Table of contents for Standards in Predictive Analytics
With the fourth post in this series I am going to talk about Hadoop – something with even more hype than R or predictive analytics. As we all know the era of Big Data has arrived. As anyone who reads the IT or business press knows, there is more data available today, this data is no longer just structured data suitable for storing in a relational database but is increasingly unstructured and semi-structured data, and this data is arriving at organizations more rapidly than ever. All this is putting pressure on traditional data infrastructures and Hadoop has emerged as a key technology in dealing with these Big Data challenges. Grossly simplifying, Hadoop consists of two core elements—the Hadoop Distributed file System or HDFS and the MapReduce programming framework. HDFS is a highly fault tolerant distributed file system that runs on low-cost commodity hardware while MapReduce is a programming framework that breaks large data processing problems into pieces so they can be executed in parallel on lots of machines close to the data that they need.

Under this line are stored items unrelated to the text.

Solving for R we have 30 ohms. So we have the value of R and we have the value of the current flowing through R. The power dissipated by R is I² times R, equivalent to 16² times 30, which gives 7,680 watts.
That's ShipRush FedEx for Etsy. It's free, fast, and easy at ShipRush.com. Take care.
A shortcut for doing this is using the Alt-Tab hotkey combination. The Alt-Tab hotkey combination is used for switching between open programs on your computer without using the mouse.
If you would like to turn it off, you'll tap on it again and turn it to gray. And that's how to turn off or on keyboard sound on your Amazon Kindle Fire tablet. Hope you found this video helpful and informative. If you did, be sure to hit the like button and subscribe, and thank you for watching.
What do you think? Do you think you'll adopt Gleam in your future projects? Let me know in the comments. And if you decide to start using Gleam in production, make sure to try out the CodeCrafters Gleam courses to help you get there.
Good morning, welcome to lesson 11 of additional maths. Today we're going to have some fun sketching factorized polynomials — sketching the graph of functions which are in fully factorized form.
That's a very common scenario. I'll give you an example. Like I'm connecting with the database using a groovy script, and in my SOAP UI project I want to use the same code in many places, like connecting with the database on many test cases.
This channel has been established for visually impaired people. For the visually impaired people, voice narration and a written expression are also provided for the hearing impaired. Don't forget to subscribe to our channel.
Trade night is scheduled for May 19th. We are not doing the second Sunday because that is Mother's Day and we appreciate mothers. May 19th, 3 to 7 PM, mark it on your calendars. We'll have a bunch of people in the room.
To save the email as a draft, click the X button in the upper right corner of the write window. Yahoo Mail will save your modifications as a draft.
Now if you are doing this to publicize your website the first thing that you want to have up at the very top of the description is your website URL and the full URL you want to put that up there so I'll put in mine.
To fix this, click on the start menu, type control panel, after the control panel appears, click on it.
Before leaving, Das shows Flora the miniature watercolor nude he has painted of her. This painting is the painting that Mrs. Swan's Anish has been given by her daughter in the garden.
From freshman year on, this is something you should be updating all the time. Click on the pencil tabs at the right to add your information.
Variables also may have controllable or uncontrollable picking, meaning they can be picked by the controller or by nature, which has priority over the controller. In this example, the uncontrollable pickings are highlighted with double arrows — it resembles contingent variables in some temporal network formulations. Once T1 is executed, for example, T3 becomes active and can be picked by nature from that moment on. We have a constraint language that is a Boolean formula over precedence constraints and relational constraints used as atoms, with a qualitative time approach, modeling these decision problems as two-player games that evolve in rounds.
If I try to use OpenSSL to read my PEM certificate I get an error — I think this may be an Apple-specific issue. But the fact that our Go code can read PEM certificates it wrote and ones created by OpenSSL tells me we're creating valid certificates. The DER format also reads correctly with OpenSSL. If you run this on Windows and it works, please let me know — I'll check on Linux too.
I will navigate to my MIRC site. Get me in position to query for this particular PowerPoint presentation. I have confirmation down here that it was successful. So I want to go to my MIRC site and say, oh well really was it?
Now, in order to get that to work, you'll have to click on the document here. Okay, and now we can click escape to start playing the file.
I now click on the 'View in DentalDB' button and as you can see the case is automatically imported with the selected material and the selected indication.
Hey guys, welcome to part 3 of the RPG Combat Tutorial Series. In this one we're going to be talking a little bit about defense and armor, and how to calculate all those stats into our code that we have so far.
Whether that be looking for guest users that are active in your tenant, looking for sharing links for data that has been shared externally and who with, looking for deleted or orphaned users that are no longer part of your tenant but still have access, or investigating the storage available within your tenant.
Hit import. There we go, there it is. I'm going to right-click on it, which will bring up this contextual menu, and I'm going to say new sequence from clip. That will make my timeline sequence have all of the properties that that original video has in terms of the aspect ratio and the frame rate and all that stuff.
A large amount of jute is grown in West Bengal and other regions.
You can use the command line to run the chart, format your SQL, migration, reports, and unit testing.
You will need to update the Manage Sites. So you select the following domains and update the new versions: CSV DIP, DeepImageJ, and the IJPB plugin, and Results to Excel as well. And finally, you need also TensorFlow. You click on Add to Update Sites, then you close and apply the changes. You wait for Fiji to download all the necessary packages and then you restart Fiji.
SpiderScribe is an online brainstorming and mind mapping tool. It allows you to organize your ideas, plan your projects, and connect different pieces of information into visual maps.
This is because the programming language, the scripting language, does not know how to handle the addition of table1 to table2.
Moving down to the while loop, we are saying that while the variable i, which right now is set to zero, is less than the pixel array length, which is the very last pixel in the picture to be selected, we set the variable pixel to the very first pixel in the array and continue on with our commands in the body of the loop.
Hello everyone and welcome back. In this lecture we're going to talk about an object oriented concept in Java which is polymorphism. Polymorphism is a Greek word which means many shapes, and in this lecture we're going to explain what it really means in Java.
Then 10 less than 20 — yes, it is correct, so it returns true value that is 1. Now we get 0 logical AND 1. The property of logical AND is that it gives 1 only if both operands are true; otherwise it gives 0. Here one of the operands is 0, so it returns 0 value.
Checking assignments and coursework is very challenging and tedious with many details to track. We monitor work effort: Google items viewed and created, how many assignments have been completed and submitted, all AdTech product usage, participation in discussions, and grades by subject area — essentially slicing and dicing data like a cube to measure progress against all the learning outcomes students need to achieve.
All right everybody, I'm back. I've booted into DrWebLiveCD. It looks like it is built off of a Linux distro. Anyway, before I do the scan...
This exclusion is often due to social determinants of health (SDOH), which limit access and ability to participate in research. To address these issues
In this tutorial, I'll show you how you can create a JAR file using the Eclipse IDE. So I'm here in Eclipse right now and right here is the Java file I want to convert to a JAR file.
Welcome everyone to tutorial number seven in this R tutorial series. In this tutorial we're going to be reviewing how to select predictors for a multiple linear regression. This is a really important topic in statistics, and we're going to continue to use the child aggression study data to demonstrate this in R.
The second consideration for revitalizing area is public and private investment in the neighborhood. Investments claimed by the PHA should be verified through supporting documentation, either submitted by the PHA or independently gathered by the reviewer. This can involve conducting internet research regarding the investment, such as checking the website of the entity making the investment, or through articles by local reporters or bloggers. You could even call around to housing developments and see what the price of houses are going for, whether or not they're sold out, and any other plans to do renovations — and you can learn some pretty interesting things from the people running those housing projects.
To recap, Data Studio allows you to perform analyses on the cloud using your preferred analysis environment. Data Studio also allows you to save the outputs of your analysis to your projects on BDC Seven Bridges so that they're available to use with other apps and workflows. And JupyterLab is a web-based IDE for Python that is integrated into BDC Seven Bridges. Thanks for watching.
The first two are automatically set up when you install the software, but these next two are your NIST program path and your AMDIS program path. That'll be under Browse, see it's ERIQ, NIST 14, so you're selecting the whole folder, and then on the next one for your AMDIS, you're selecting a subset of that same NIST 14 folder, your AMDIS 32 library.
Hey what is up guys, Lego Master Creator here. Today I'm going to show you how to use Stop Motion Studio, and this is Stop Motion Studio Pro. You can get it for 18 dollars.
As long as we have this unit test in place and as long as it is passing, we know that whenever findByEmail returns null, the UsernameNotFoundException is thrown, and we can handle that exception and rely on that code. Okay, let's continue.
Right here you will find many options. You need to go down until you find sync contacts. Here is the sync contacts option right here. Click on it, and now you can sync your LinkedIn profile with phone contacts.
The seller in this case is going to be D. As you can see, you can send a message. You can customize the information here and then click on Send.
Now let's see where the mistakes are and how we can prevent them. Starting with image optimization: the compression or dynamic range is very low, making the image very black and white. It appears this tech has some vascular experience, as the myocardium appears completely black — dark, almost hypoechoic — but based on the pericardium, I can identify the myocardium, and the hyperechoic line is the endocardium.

Hadoop offers is well suited to the challenges of Big Data. It uses commodity hardware so it scales at low cost and handles Big Data volumes. It uses a file metaphor that is flexible enough to handle the wide variety of Big Data. It uses a streaming-centric approach that enables it to handle the velocity of Big Data. While some newer organizations are using a pure Hadoop strategy most are adding Hadoop to an existing infrastructure. This allows them to use Hadoop as a landing zone for data where it can be pre-processed (cleaned, aggregated) before being moved to a data warehouse, as an active archive for data used less often, and for rapid data exploration where many data sources must be quickly combined and analyzed. The explosive growth of Hadoop means that this open source project is supported by commercial organizations and that major vendors have integrated with Hadoop, providing the support needed for success.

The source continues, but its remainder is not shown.